Structured Data in Umbraco - Stefano Maffeis

Structured data is one of those SEO tasks that often starts as a small snippet in a template and quietly becomes technical debt.

That is what happened in one of my Umbraco projects.

At first the site only needed a bit of JSON-LD for blog posts and service pages. A couple of Razor partials looked enough. The content model already had the fields: title, meta description, Open Graph image, author, tags, categories. So the first implementation was straightforward: render a <script type="application/ld+json"> block directly from the Razor view.

It worked.

Until it didn’t.

After a while, the site had more content, more custom editorial fields, more SEO-specific data, and a few handcrafted JSON-LD blocks added from the backoffice. At that point the question was no longer “can we output schema.org markup?”. The real question became:

Can we trust the structured data we are publishing?

This article is a case study of how I cleaned that up in an Umbraco 17 project:

replacing hand-built JSON strings with serialized JSON-LD objects;
moving blog posts from generic Article to BlogPosting;
adding BreadcrumbList, WebSite and WebPage markup;
avoiding duplicated Service entities;
separating code problems from editorial content problems;
validating the result by crawling the local site.

The examples are from a real project, but the same approach applies to most Umbraco sites.

The starting point

The project already had JSON-LD partials under:

Views/StructuredData/

The initial implementation emitted structured data from Razor views such as:

Views/StructuredData/BlogPost.cshtml
Views/StructuredData/GenericPage.cshtml

The idea was reasonable: each page template includes the structured data partial that belongs to that page type.

For example:

<partial name="StructuredData/BlogPost" />

The problem was how the JSON was generated.

The old version built JSON directly in the view by mixing Razor interpolation and JSON syntax. That is tempting because it looks simple:

{
  "@context": "https://schema.org",
  "@type": "Article",
  "headline": "@Model.Title",
  "description": "@Model.MetaDescription"
}

But this is fragile.

If an editor enters quotes, newlines, HTML fragments, unexpected empty values or text copied from a rich text editor, the generated JSON can become invalid or semantically dirty. The page can still render fine, but the structured data can silently degrade.
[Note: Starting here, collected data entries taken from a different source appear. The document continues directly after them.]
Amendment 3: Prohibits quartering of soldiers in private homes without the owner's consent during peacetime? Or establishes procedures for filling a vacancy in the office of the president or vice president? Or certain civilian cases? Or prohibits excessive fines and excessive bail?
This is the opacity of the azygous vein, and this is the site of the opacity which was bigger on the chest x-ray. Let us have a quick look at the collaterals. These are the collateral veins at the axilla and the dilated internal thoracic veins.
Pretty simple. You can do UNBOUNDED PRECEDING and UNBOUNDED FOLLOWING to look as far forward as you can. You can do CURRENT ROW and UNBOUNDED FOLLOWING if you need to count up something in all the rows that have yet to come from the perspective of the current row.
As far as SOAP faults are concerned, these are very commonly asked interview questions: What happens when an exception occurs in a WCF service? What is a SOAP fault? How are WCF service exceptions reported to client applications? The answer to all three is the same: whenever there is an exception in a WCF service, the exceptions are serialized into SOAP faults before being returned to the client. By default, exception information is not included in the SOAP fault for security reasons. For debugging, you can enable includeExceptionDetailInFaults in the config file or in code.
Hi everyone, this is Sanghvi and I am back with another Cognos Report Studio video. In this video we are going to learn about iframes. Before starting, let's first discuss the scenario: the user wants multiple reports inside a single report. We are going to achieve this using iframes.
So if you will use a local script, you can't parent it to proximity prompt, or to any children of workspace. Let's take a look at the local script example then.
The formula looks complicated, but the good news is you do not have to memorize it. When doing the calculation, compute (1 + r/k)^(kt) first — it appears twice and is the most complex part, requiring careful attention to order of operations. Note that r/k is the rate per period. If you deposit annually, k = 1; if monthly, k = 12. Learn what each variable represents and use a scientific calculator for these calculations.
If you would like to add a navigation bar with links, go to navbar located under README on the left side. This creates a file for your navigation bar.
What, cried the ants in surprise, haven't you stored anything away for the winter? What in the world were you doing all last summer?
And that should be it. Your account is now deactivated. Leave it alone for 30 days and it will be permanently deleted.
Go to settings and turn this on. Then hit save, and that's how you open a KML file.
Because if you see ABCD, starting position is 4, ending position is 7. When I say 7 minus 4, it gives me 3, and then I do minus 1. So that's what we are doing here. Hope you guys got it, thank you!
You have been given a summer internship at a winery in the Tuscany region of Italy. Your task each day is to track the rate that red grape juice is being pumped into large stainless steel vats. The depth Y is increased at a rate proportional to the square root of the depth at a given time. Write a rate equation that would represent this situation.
That was the first lesson: JSON-LD is not HTML. It should be generated as JSON, not assembled as a string.

The audit

Before changing code, I did a quick audit of the structured data already emitted by the site.

The important questions were:

Which templates emit JSON-LD?
Which schema.org types are used?
Are the properties supported by the visible content?
Are there empty values?
Are there hardcoded values?
Are dates valid ISO 8601 values?
Are image URLs absolute and representative?
Is the same entity described multiple times in conflicting ways?
Is any JSON-LD coming from free editorial HTML rather than code?

The last point turned out to be important.

Some structured data was generated by Razor. Some other structured data was stored by editors inside custom HTML fields. Those two sources need different fixes. If a page has invalid JSON-LD because of a broken custom HTML block, hiding it with more Razor code is the wrong fix. The content has to be corrected at the source.

The audit found several typical issues.

Problem 1: JSON-LD built by hand

The old Razor partials were building JSON with interpolation.

That creates three classes of bugs:

JSON syntax bugs, such as unescaped quotes or line breaks;
dirty values, such as empty strings or HTML fragments;
semantic bugs, such as objects that exist only because the template always prints them.

For example, an empty publisher is worse than no publisher:

{
  "publisher": {
    "@type": "Organization",
    "name": "",
    "logo": {
      "url": ""
    }
  }
}

This says: “I know the publisher and the logo, but they are empty.”

That is not useful structured data. It is noise.

Problem 2: `Article` was too generic

The blog posts were marked as:

{
  "@type": "Article"
}

Google supports Article, NewsArticle and BlogPosting for article pages. For a normal blog post, BlogPosting is the more precise type.

The Google documentation for article structured data is here:

https://developers.google.com/search/docs/appearance/structured-data/article

So the post schema changed from:

"@type": "Article"

to:

"@type": "BlogPosting"

This is not a magic ranking trick. It is just a better description of the content.

Problem 3: hardcoded author data

The old JSON-LD used a static author name.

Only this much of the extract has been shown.